**Problem description**.
Using the data below, print exactly the line with "Layered Gold Necklaces", the line with "Drag Input Data tool onto Alteryx canvas", and every line between them, but none of the pictures.

**Recorded information**.
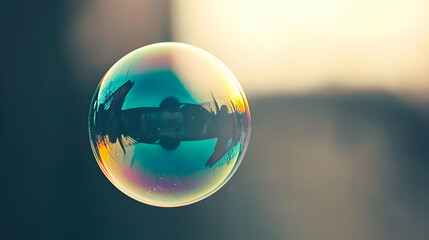 A colorful soap bubble reflecting its surroundings, floating gracefully in soft light, showcasing iridescent hues and delicate texture.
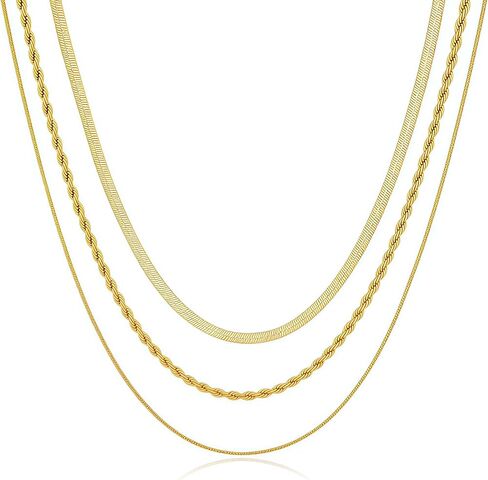 Layered Gold Necklaces for Women,14K Gold Plated Dainty Stackable Stack Choker Necklaces for Women Trendy Layering Pendant Chain Necklace Set Gold Jewelry for Women Gifts in Kuwait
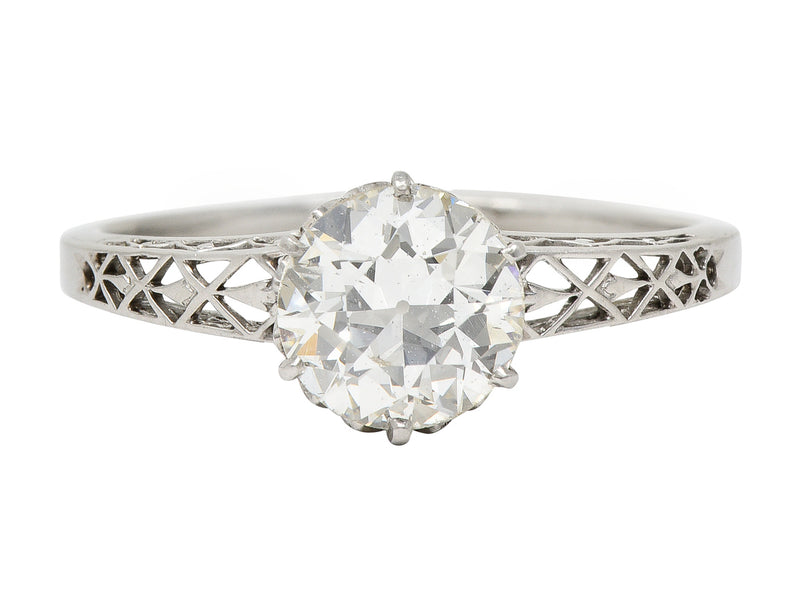Art Deco 1.42 CTW Platinum Fleur-De-Lis Trellis Solitaire Engagement Ring Wilson's Estate Jewelry
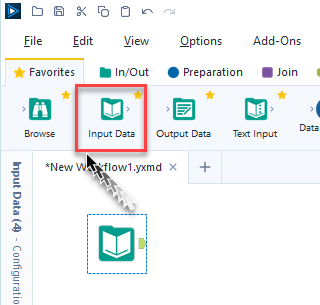 Drag Input Data tool onto Alteryx canvas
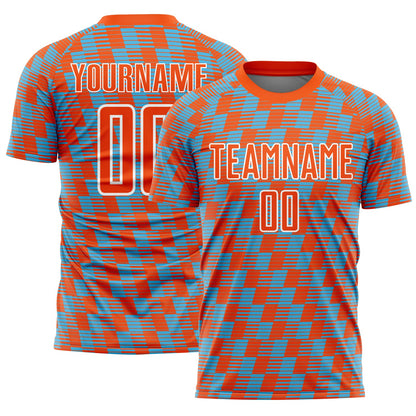 Custom Orange Sky Blue-White Line Sublimation Soccer Uniform Jersey - Sky-Custom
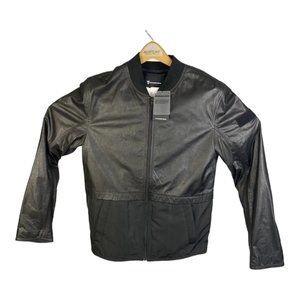 NWT T Alexander Wang Black Lambskin Leather Polyester Full Zip Bomber Jacket S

**Written answer**.
 Layered Gold Necklaces for Women,14K Gold Plated Dainty Stackable Stack Choker Necklaces for Women Trendy Layering Pendant Chain Necklace Set Gold Jewelry for Women Gifts in Kuwait
Art Deco 1.42 CTW Platinum Fleur-De-Lis Trellis Solitaire Engagement Ring Wilson's Estate Jewelry
 Drag Input Data tool onto Alteryx canvas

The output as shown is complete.